RECORDS FOR THE EXERCISE

* * * * * * *

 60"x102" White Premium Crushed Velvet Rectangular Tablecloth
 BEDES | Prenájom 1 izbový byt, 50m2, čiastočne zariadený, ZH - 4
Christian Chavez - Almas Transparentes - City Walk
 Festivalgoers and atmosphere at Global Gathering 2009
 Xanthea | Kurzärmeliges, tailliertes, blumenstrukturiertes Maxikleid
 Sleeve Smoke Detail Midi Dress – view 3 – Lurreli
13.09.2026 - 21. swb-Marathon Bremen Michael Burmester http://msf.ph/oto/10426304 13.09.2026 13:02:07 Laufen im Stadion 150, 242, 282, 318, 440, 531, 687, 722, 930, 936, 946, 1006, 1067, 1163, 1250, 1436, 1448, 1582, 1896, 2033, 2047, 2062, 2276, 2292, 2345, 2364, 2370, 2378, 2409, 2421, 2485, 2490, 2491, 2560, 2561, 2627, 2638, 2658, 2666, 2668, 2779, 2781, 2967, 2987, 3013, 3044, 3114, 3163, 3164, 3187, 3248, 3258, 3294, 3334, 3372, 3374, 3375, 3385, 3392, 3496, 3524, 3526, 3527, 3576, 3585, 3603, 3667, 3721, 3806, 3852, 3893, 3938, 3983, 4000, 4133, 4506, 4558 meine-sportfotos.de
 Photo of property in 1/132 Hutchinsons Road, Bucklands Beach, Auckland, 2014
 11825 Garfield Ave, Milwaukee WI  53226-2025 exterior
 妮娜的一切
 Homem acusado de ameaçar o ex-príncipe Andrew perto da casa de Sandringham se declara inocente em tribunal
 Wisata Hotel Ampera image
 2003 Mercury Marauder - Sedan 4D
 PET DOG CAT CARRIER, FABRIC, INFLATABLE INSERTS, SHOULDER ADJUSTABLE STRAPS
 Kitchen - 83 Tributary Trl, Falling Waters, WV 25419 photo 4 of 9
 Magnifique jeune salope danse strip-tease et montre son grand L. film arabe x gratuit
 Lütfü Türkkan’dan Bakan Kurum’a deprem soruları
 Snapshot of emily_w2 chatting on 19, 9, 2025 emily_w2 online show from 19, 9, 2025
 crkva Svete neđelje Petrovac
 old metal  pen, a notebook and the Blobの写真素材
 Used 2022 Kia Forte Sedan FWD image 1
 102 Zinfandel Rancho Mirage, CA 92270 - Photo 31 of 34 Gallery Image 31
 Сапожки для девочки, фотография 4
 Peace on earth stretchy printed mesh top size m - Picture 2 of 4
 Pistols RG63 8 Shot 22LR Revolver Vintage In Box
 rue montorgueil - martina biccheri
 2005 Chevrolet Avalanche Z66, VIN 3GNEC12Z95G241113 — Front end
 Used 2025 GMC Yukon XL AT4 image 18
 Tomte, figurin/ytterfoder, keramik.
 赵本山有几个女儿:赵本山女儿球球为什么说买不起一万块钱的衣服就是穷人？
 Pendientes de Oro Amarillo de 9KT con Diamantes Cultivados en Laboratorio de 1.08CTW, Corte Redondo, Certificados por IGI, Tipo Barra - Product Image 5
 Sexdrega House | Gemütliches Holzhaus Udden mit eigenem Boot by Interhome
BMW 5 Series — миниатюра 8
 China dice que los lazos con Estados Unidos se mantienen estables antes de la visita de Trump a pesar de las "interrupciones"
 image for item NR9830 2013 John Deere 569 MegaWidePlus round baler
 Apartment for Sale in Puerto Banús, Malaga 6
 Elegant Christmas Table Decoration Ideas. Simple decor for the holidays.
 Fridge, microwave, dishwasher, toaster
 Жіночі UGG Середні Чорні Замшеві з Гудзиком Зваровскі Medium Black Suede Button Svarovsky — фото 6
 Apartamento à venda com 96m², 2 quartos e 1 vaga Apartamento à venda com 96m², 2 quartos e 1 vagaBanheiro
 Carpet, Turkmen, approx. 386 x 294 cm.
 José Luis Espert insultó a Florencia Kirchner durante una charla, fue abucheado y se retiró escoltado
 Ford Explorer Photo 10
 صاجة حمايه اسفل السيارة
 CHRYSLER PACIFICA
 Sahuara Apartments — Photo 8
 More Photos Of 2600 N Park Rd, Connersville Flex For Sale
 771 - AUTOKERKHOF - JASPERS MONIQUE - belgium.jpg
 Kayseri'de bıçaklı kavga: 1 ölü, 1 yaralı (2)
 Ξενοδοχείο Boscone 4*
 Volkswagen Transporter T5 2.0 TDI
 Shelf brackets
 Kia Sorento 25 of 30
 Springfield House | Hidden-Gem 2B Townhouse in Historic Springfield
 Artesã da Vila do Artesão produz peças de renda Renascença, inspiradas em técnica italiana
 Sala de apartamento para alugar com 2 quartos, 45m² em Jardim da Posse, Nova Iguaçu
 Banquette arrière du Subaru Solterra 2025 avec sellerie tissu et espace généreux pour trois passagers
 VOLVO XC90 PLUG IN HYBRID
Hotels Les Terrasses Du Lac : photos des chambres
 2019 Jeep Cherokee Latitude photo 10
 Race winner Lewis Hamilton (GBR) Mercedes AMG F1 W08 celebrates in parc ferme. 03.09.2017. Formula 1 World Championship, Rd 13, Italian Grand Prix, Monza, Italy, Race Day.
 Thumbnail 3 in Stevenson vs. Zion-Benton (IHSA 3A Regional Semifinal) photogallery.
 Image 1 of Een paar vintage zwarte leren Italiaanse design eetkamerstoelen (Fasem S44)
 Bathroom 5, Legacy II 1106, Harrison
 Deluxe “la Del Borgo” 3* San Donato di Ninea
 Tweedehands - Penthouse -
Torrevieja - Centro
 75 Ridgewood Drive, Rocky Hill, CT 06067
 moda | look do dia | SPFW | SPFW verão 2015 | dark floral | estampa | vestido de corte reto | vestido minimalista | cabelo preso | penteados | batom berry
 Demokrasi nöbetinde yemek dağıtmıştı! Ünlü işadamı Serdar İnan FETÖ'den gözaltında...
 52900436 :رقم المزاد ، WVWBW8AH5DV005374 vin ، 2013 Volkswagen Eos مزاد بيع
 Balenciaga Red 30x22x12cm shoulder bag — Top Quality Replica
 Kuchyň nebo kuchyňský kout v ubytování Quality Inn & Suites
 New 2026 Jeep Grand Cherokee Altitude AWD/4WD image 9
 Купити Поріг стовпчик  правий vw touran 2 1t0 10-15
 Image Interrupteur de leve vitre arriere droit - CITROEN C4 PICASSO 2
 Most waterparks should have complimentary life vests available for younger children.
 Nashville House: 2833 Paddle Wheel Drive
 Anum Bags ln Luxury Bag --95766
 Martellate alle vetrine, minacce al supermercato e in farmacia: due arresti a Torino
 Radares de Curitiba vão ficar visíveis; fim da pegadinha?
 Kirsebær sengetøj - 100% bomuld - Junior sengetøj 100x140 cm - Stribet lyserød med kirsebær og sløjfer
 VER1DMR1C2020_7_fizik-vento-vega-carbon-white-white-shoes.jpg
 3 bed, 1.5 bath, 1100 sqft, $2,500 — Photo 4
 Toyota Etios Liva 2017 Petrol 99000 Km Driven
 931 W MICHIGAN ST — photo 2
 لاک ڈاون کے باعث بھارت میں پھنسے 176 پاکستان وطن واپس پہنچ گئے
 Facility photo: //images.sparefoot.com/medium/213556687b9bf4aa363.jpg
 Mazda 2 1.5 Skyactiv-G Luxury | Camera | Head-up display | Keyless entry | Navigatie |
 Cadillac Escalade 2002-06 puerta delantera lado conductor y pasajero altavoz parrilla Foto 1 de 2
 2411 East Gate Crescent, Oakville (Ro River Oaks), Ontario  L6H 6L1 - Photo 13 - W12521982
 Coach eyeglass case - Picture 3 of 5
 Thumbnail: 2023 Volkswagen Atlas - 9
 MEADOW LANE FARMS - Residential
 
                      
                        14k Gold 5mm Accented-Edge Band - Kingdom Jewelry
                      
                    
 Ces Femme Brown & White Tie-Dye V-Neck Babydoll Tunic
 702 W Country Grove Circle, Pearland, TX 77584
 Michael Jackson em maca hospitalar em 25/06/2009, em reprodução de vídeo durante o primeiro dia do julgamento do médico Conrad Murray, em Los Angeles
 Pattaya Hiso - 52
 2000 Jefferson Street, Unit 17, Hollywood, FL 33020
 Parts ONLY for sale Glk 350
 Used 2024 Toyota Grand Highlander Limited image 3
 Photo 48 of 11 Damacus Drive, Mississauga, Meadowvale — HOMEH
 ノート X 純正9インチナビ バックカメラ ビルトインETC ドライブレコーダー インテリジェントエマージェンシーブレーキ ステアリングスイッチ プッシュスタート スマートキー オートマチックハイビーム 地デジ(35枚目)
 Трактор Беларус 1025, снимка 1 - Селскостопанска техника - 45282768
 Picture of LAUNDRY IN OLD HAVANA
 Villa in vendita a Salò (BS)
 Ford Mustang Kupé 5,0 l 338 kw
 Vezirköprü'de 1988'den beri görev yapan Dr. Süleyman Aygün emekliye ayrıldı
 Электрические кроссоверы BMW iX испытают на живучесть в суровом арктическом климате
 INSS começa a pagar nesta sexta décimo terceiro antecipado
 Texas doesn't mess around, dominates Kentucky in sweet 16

* * * * * * *

EXERCISE
Within the lines above, find those holding the word "quartos" and copy them.

SOLVED PROBLEM
 Apartamento à venda com 96m², 2 quartos e 1 vaga Apartamento à venda com 96m², 2 quartos e 1 vagaBanheiro
 Sala de apartamento para alugar com 2 quartos, 45m² em Jardim da Posse, Nova Iguaçu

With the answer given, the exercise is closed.